March 17, 2015
The Workforce is Getting Younger, Increase Opportunities Accordingly
Recently, the U.S. Chamber of Commerce Foundation released a white paper titled, Making Youth Employment Work: Essential Elements for Successful Strategy, to provide employers with proven approaches to onboarding programs for young adults. In the white paper, we lay out five essential elements of successful program implementation. Over the coming weeks, we will elaborate on each essential element for success on our blog. This week, we look at essential element #2.

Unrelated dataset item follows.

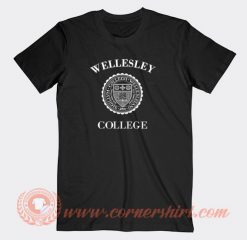 Wellesley-College-T-shirt-On-Sale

Essential Element #2: Expand your talent sources
A common barrier in developing a youth talent pipeline is that companies are not sure how best to find well-suited young adults. This is particularly true for companies that want to add diversity, or whose industry is not readily appealing to potential candidates. Most strategies can be distilled to the following advice: Go to where the youth are, or partner with an expert that can help you.
“Like every company, we’re well aware that our workforce [pipeline] is getting younger and more diverse, and that we need to increase opportunities accordingly,” says State Farm’s Kathy Havens Payne. To ensure the availability of both young and diverse talent, the company looks outside of the regional market surrounding its Bloomington, Illinois, headquarters, to metro areas like Dallas, Atlanta, and Phoenix— areas that more accurately reflect the demographics of its customer base, including young adults. The company has held massive job fairs in these areas to raise awareness of State Farm’s career opportunities.
As noted earlier, being proactive does not equate with going it alone. Companies look to partner with nonprofits—such as Year Up, Hillside Work-Scholarship Connection, Genesys Works, i.c. stars, or Boston PIC—because these organizations specialize in training low-income young adults to be work-ready. One of the greatest value-adds of an intermediary organization is its inherent vetting process.
Determining a young person’s organizational fit is of great benefit to both the employer and the employee. Moreover, several interviewees noted that because the training is so targeted, both in terms of applicable hard skills and soft skills, employers report that the young adults who are sent to them are sometimes better prepared than their more privileged counterparts.
One example, YUPRO, is a public benefit corporation dedicated to advancing the careers of talented young adults who are trained and ready to be effective. YUPRO matches Year Up alumni with employers eager to hire a new generation of employees who have the technical skills, unique resilience, and tenacity necessary to be successful. YUPRO offers employers a socially responsible alternative to traditional talent acquisition approaches, and they benefit from a work-ready addition to their team.
As another option, companies can also use the online Grads of Life to find trusted partners in their geographic area and other valuable information. This tool provides a wealth of information about getting started (including business-goal setting and vision of success), finding the right partner (including setting expectations for what expertise they will bring), laying the groundwork for a successful collaboration, and measuring success and scaling efforts. This important last point covers both quantitative measures, such as the expenses incurred, and qualitative measures, such as satisfaction levels.